─── Available data

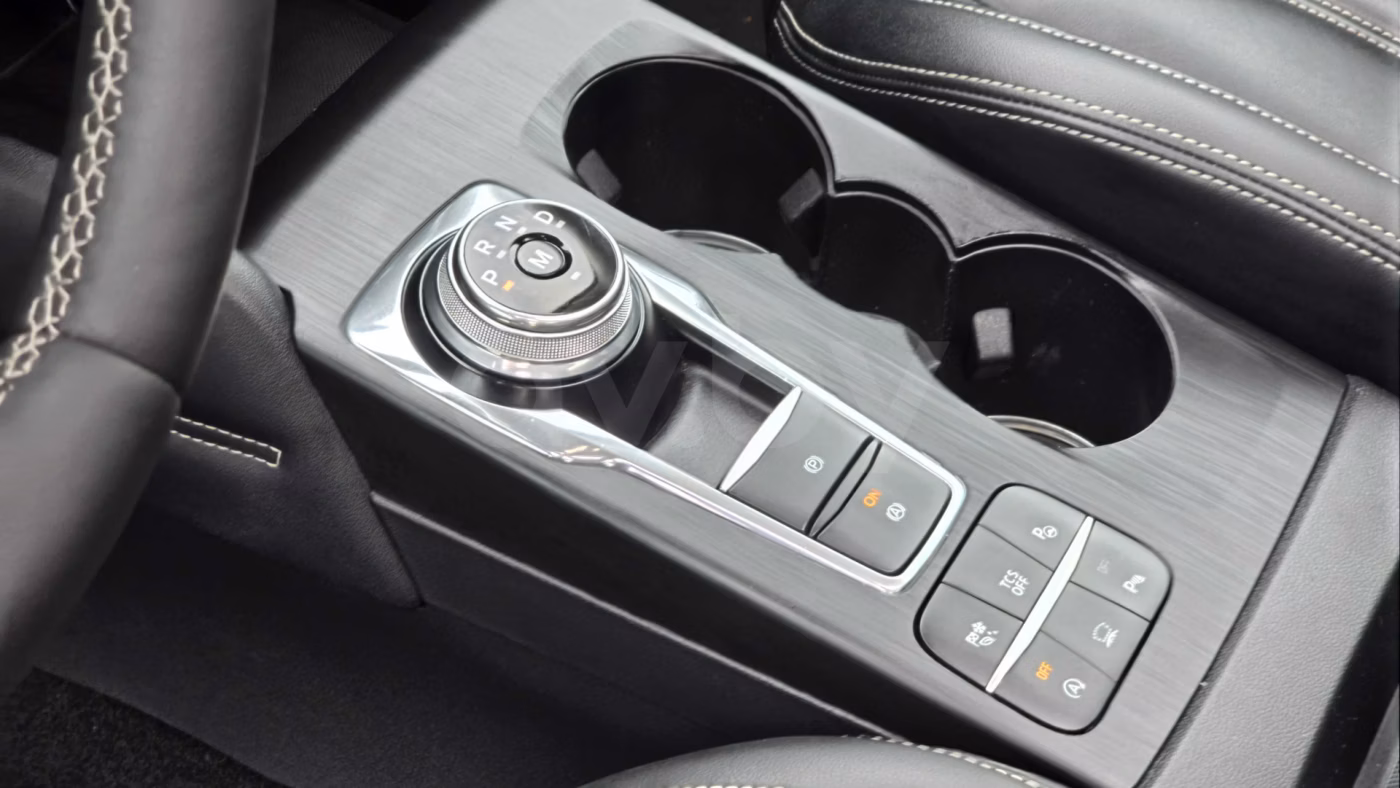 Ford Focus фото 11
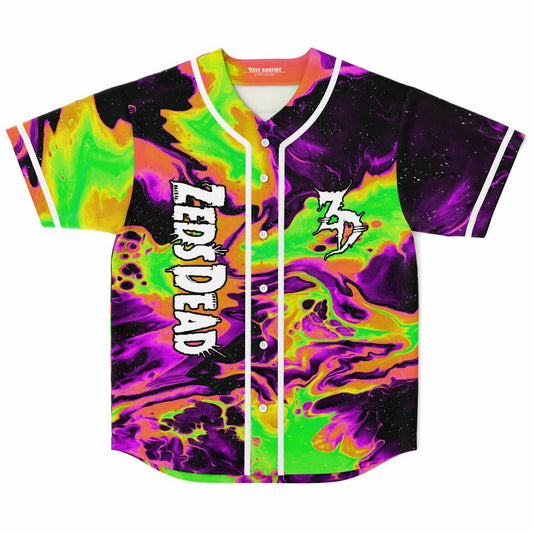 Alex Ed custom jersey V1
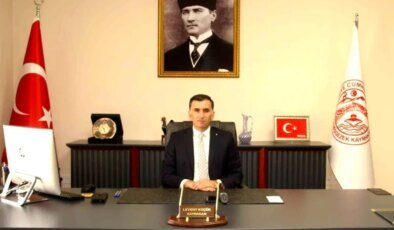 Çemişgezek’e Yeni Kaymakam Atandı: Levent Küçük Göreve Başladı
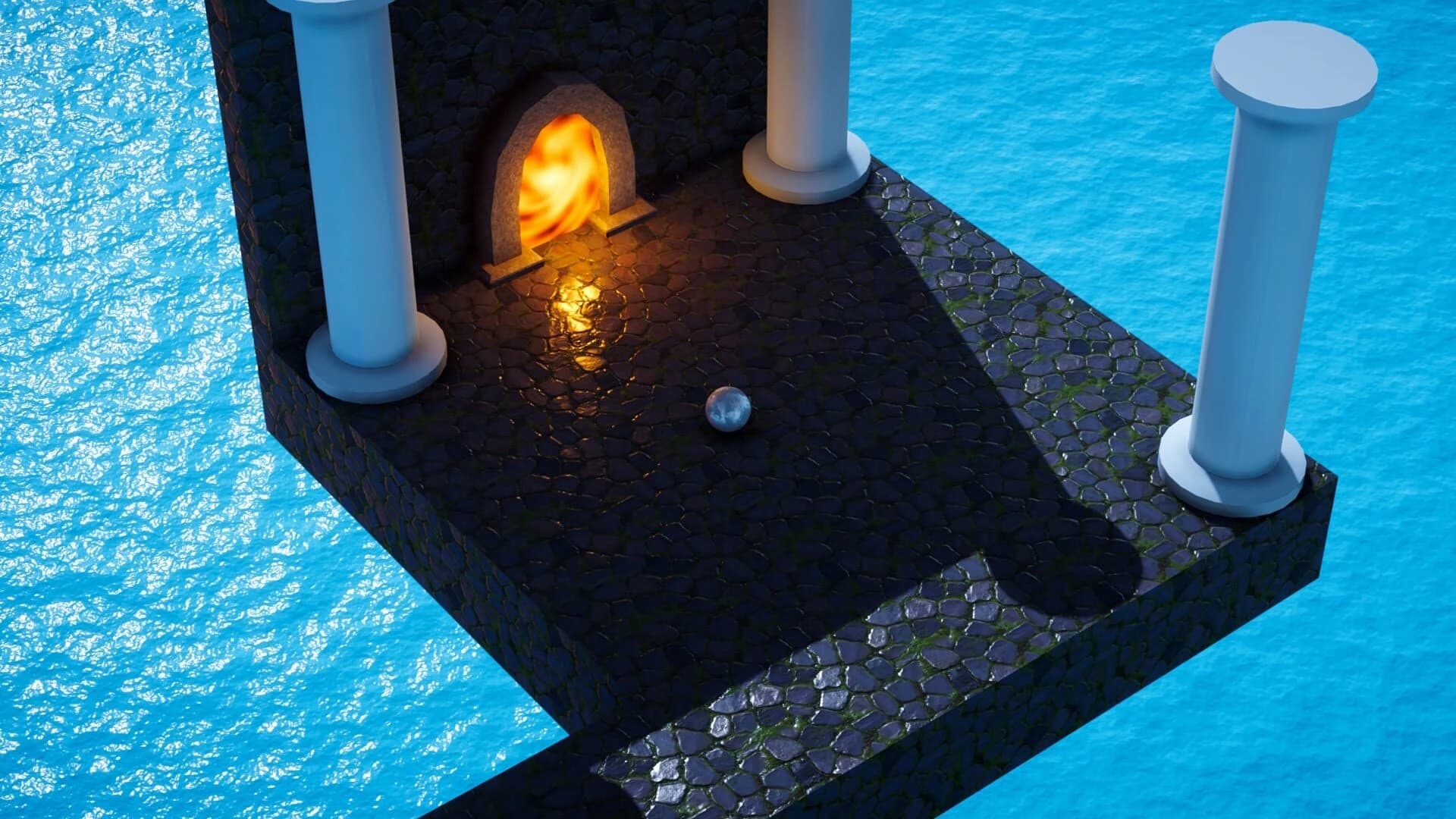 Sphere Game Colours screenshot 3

──────

▸ What to do
Omitting the images, copy the listing exactly.

▸ Task answer
 Ford Focus фото 11
 Alex Ed custom jersey V1
 Çemişgezek’e Yeni Kaymakam Atandı: Levent Küçük Göreve Başladı
 Sphere Game Colours screenshot 3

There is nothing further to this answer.